Bug 10093

Summary: 2.6.25-current-git blocks for 10-15 secs on boot unless CONFIG_CPU_IDLE=n - Apple
Product: ACPI Reporter: Rafael J. Wysocki (rjw)
Component: Power-ProcessorAssignee: Venkatesh Pallipadi (venki)
Status: CLOSED CODE_FIX    
Severity: normal CC: acpi-bugzilla, bunk, kernel, venki
Priority: P1    
Hardware: All   
OS: Linux   
Kernel Version: 2.6.25-rc Subsystem:
Regression: Yes Bisected commit-id:
Bug Depends on:    
Bug Blocks: 9832    
Attachments: kernel config
dmesg of normal boot with debug on
max.cstate=1 15 sec hang at ladder
Add few debug printk in cpuidle
Remove poll idle from cpuidle
cpu_idle_wait patch
cpu_idle_wait patch rebased with rc8

Description Rafael J. Wysocki 2008-02-24 17:30:34 UTC
Subject         : 2.6.25-current-git hangs on boot
Submitter       : Soeren Sonnenburg <kernel@nn7.de>
Date            : 2008-02-23 18:55
References      : http://lkml.org/lkml/2008/2/23/263
References      : http://marc.info/?l=linux-acpi&m=120387537018467&w=4
Handled-By      : "Pallipadi, Venkatesh" <venkatesh.pallipadi@intel.com>

This entry is being used for tracking a regression from 2.6.24.  Please don't
close it until the problem is fixed in the mainline.
Comment 1 Len Brown 2008-03-10 21:31:32 UTC
did 2.6..24 with CONFIG_CPU_IDLE=y work?
Comment 2 Venkatesh Pallipadi 2008-03-13 17:28:31 UTC
Soeren,

I tried reproducing this on Macbook Pro locally with latest git and and an earlier rc (25-rc2). I used the config that you had sent earlier. I dont seem to reproduce this problem.

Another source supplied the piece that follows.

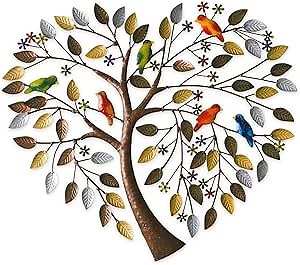 Metal Tree of Life Wall Decor, Colorful Birds on Branch Wall Art, Hand Painted Heart-Shaped Wall Art Sculptures, for Home Living Room Bedroom Decoration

Can you please retry with latest git and see whether the CPUIDLE problem is still there? attach the CONFIG you used to this bugzilla.

Also, if you can reproduce the problem still..
with ACPI PROCESSOR configured in kernel (not as module) and CPUIDLE try booting with processor.max_cstate=2 and see whether that helps.

Thanks,
Venki
Comment 3 Soeren Sonnenburg 2008-03-21 07:50:38 UTC
OK, I am just back from vacation and tried current git 457fb605834504af294916411be128a9b21fc3f6.

The CONFIG_CPU_IDLE=y hang is still there and yes it worked all fine with 2.6.24*.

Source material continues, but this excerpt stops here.